From an application point of view, these findings are particularly relevant for environmental forecasting and climate policy design. The ability of boosted ensemble methods to produce accurate, stable and well-calibrated predictions, even in the upper range of the temperature distribution, is crucial when modeling the impacts of agricultural CO2 emissions. If warming in high-emission countries is underestimated, the result could be overly optimistic mitigation targets and inadequate policy responses. In contrast, the strong generalization capacity and low prediction bias shown by XGBoost, Gradient Boosting, and LightGBM ensure that national emission variability is faithfully captured in the forecasts. This level of reliability makes these models especially appropriate for supporting scenario analysis, emission benchmarking, and early warning systems, particularly in regions with limited data availability. In sum, the predictive behavior of tree-based ensemble methods aligns well with the demands of climate-sensitive planning, establishing them as valuable tools for environmental impact assessment.

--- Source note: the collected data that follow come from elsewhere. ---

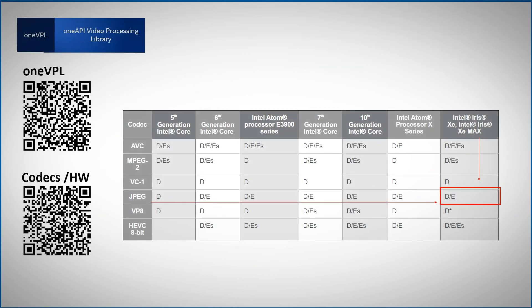The bottom QR code will get you to a table of supported codecs per supported hardware. You can see, for example, that there is hardware decode and encode support for the JPEG codec. In the next video we'll look at the new features of OneVPL, talk about the programming model, and explore one of the samples. See you there!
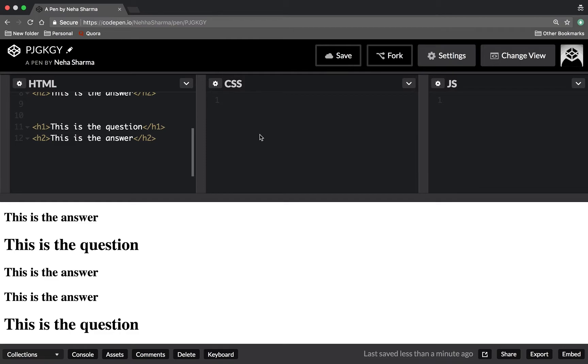So today's video is on CSS property counters. What are counters? Counters are variables which hold a value and let you increment them. In simple language, if you have worked on ordered lists or ol, you remember that whenever you're using ol, you get an ordered list with numbers one, two, three, four, five.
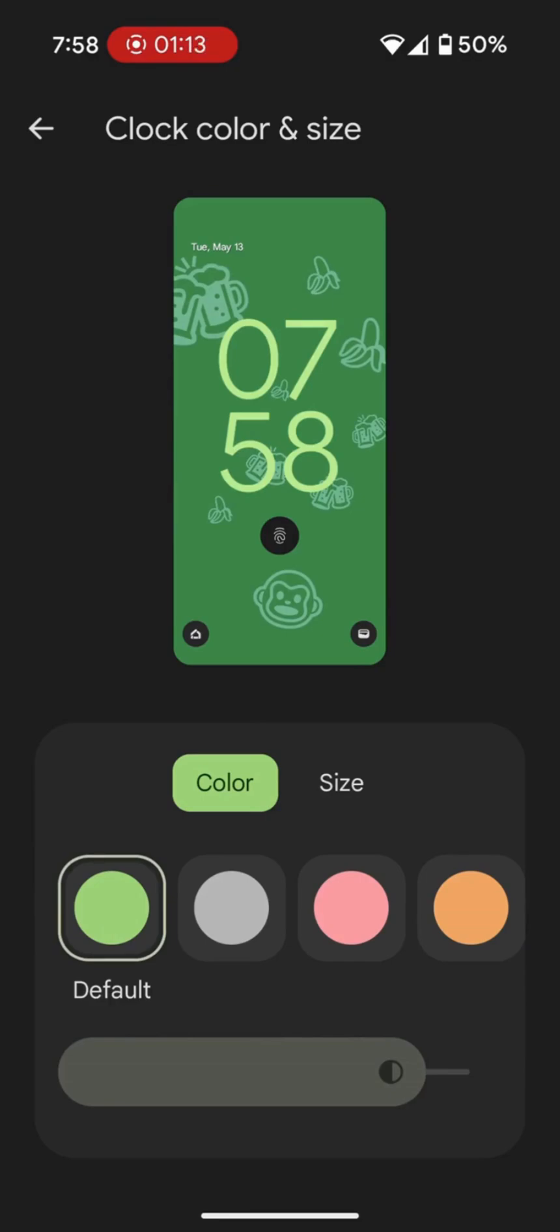When you use the default color, the one taken from the wallpaper, you can't adjust this slider. Whereas if you set custom colors, you can adjust it.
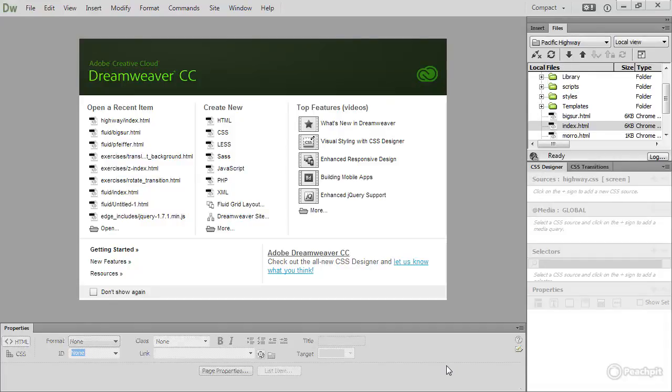In this introductory lesson, I'm going to give you a quick overview of what Dreamweaver is, and equally importantly, what it isn't.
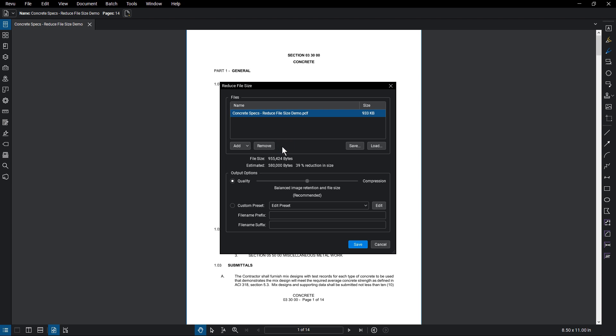Once the file is selected, Review generates the current file size and an estimated file size after reduction. From the Output Options,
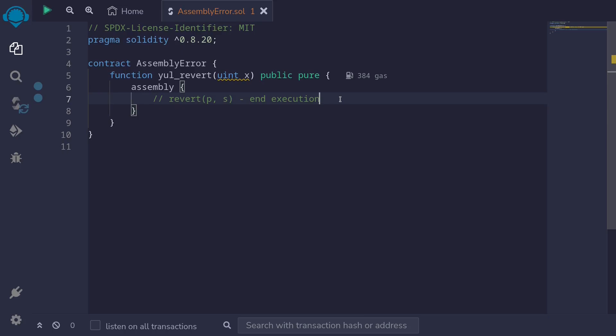The way to throw an error inside assembly is to call the function called revert passing in parameters p and s. Just like in Solidity, when there's an error, all state changes that were made up to that point will be undone.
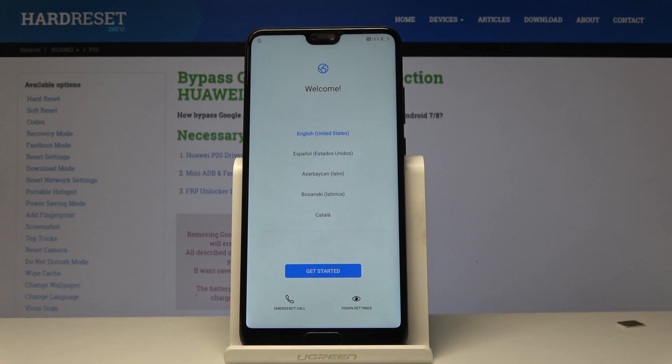Welcome. This is a Huawei P20 and today I will show you how to bypass the Google verification screen.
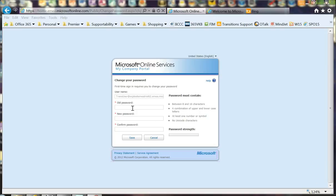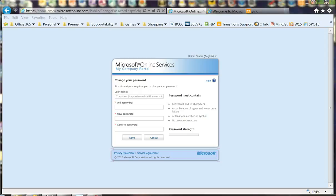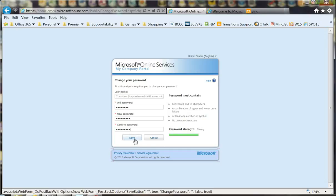As you can see, I'm logged into the home screen here and I've elected to change my password. At this point, we'll put in the existing password, put in a new password, and click save.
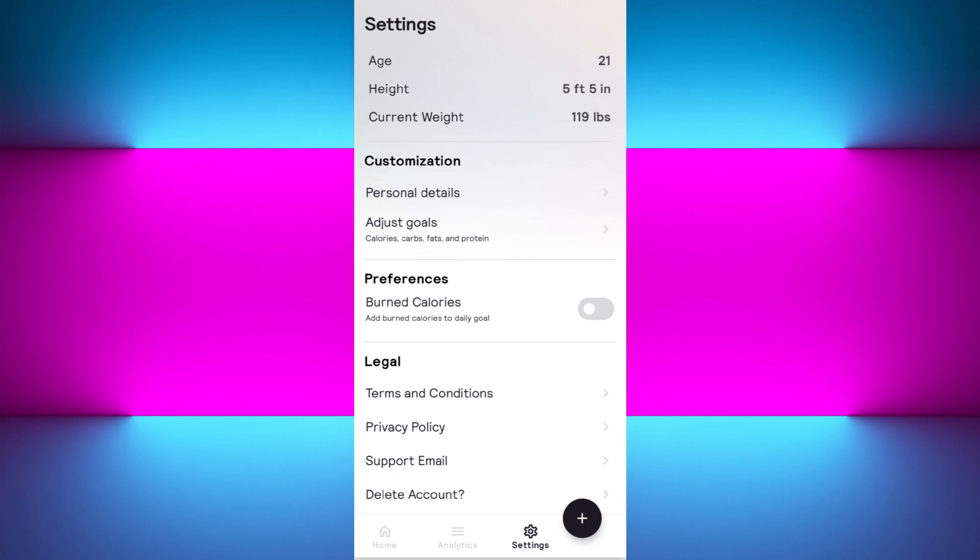That's how you can start using Cal AI to track your calories, log your meals easily, and hit your nutrition targets right from your phone. If this video helped you out, make sure to like and subscribe to the channel for more health tools. Comment below if you want a tutorial on meal tracking hacks next — thanks for watching and I'll see you in the next one.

3.2. Model Interpretability
Here, we explore model interpretability through SHAP values and feature importance rankings. Rather than presenting findings model-by-model, this section synthesizes key insights into a comparative analysis that highlights both shared patterns and meaningful differences across algorithms. We begin with the feature importance scores obtained from the tree-based regressors.
Figure 7 displays the normalized contribution of each input variable to the reduction of impurity during training. This visualization provides a broad perspective on which input categories, such as temporal, spatial, or environmental characteristics, play the most significant role in determining the model predictions. These rankings help to clarify how different types of information influence the learning process and guide the behavior of the ensemble methods.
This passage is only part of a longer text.